• [Activity] Repeat, word for word, every line from the line holding "Rain Dances, Trance of the Ancestors" through the final line of the entries below. Skip all pictures.

Brief descriptive captions
####################
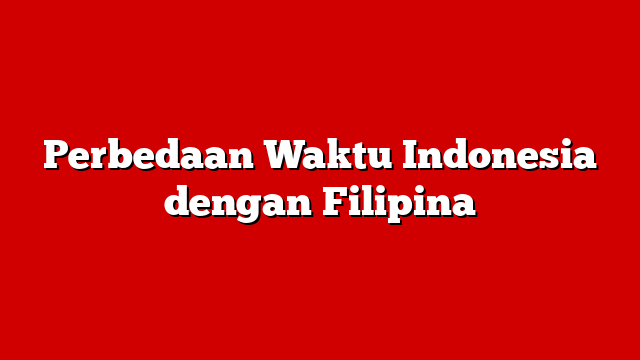 Perbedaan Waktu Indonesia dengan Filipina
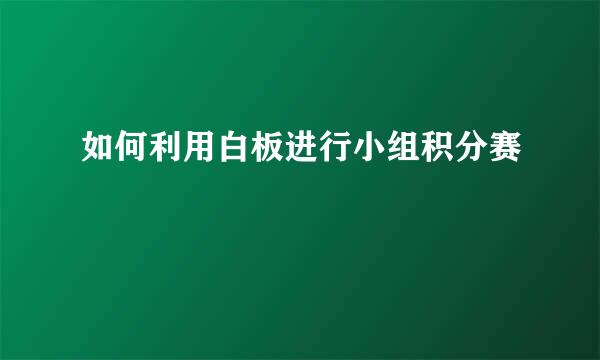 如何利用白板进行小组积分赛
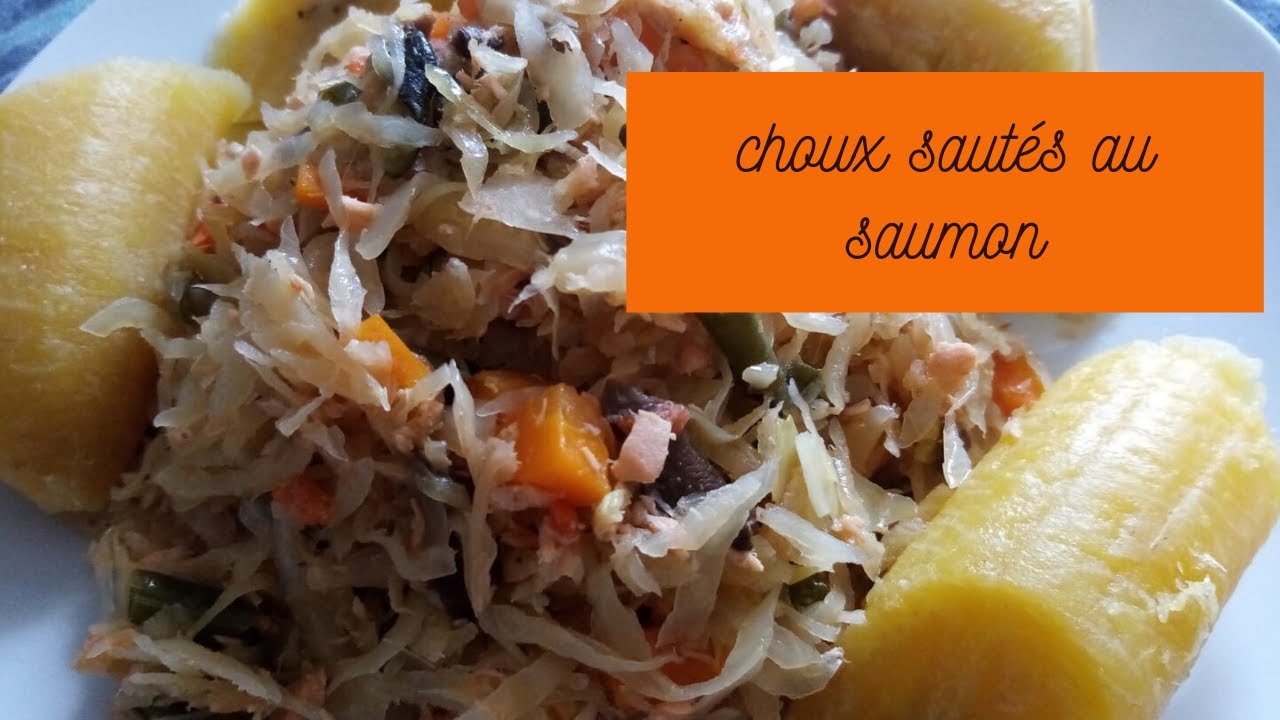 Comment faire le Chou Sauté aux Légumes et au Saumon?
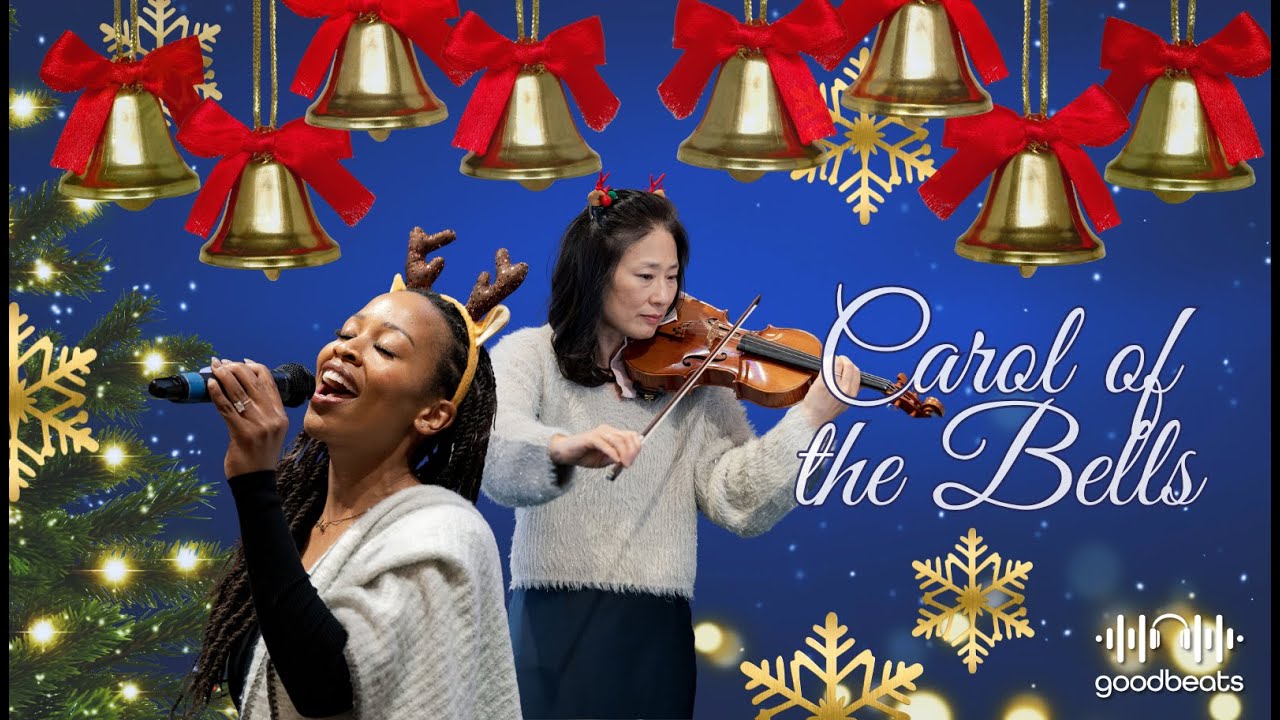 Carol of the Bells | Good Beats Ensemble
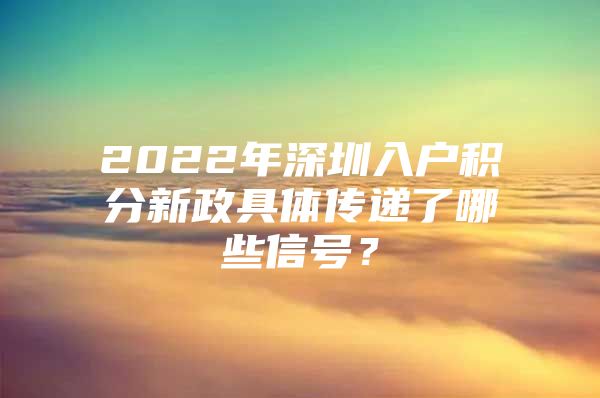 2022年深圳入户积分新政具体传递了哪些信号？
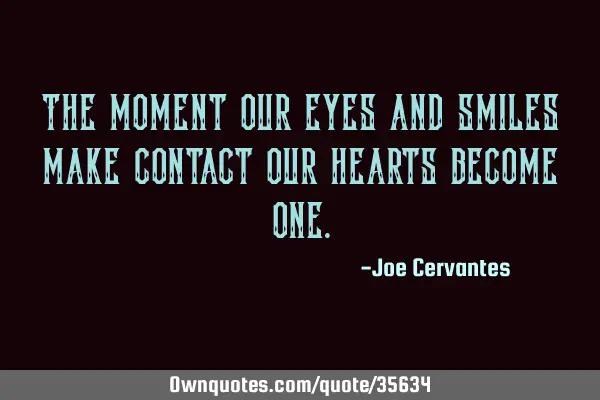 The moment our eyes and smiles make contact our hearts become
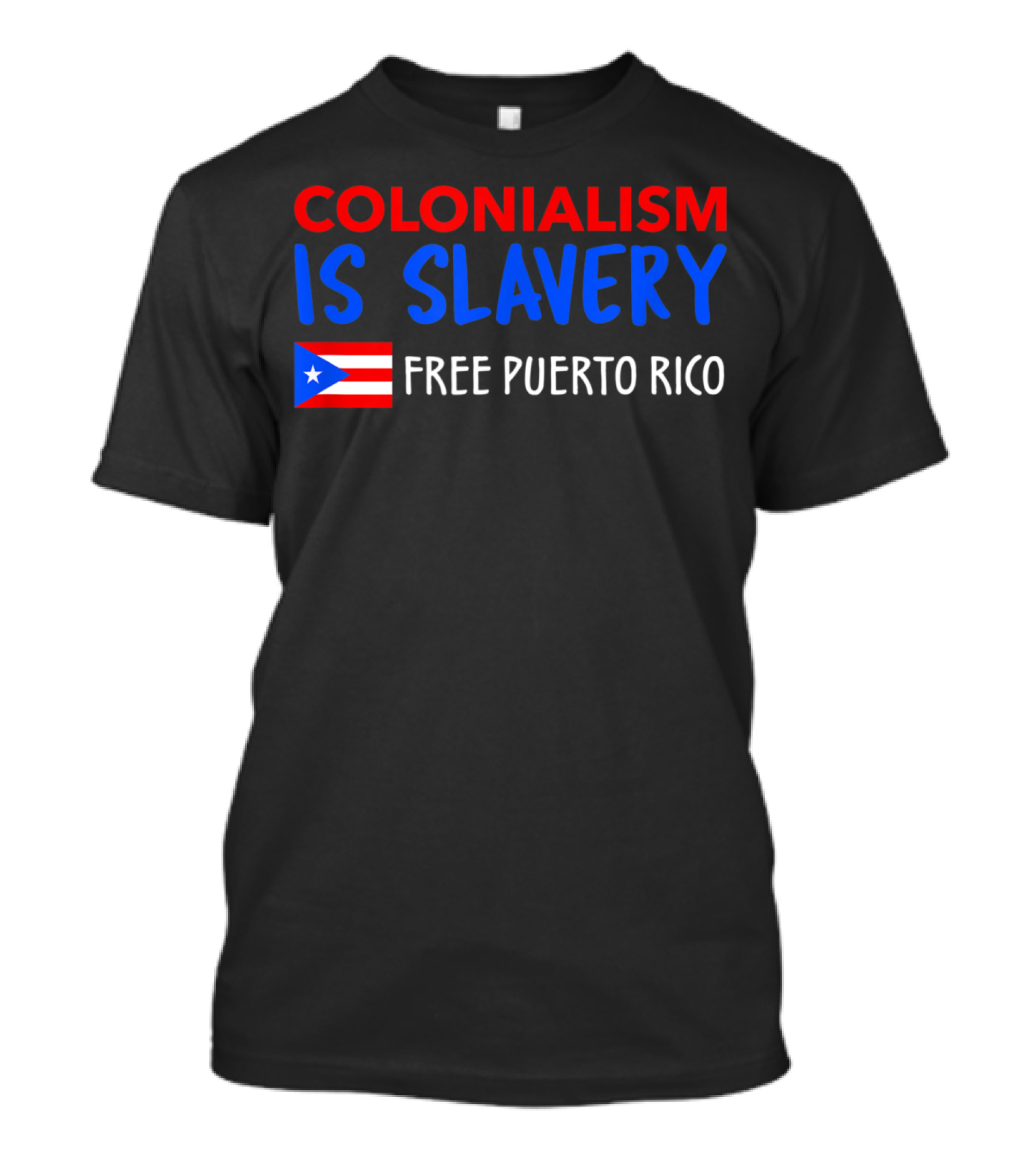 COLONIALISM IS SLAVERY FREE PUERTO RICO Flag T-Shirt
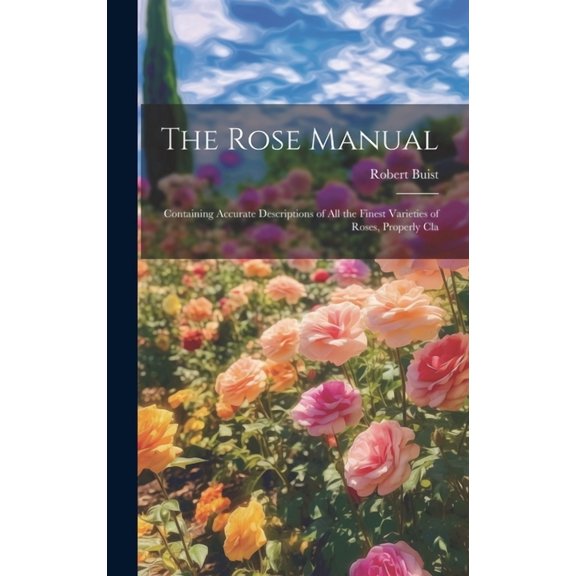 The Rose Manual; Containing Accurate Descriptions of all the Finest Varieties of Roses, Properly Cla (Hardcover)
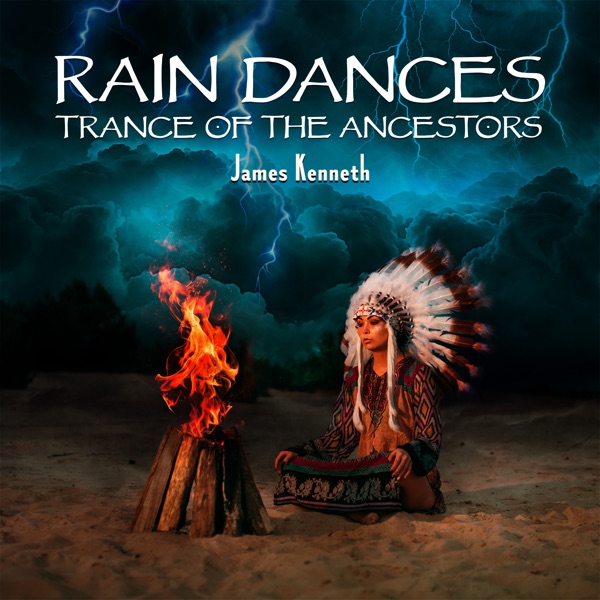 Rain Dances, Trance of the Ancestors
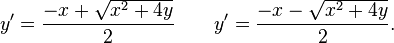 y'=\frac{-x+\sqrt{x^2+4y}}2\qquad y'=\frac{-x-\sqrt{x^2+4y}}2.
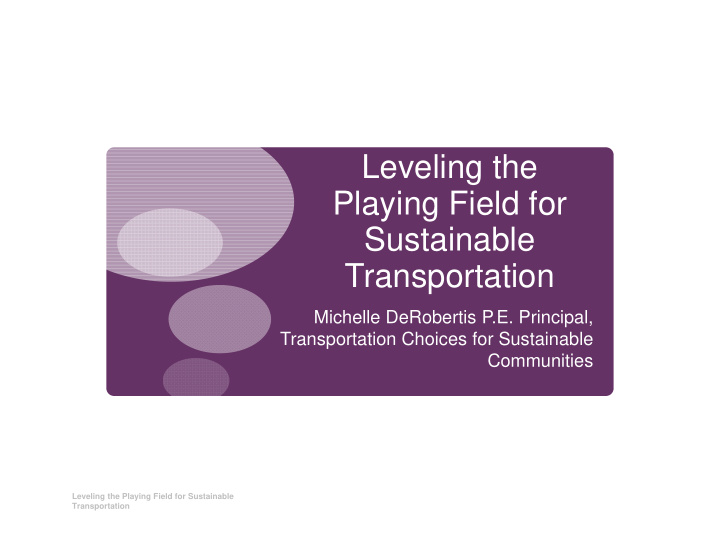 leveling the playing field for sustainable transportation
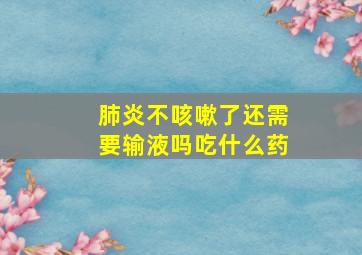 肺炎不咳嗽了还需要输液吗吃什么药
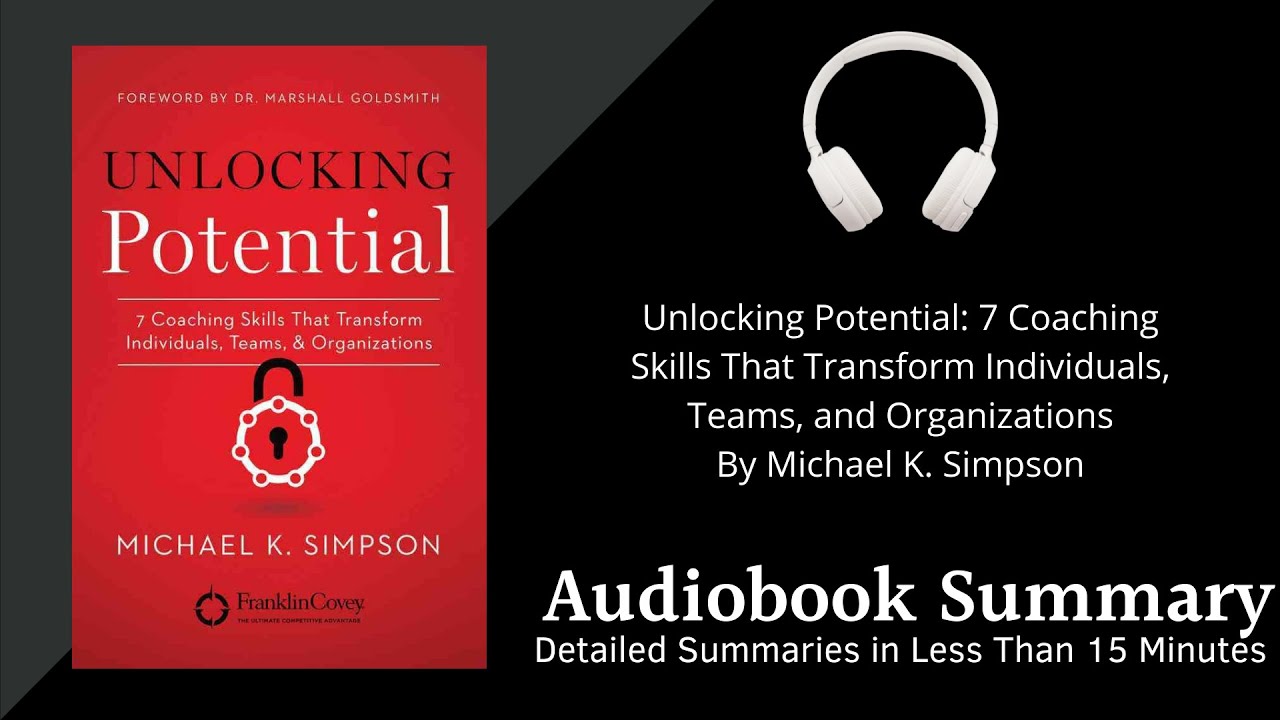 Summary of Unlocking Potential: 7 Coaching Skills That Transform by Michael Simpson | Free Audiobook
####################
• [Answer to this exercise]
 Rain Dances, Trance of the Ancestors
 y'=\frac{-x+\sqrt{x^2+4y}}2\qquad y'=\frac{-x-\sqrt{x^2+4y}}2.
 leveling the playing field for sustainable transportation
 肺炎不咳嗽了还需要输液吗吃什么药
 Summary of Unlocking Potential: 7 Coaching Skills That Transform by Michael Simpson | Free Audiobook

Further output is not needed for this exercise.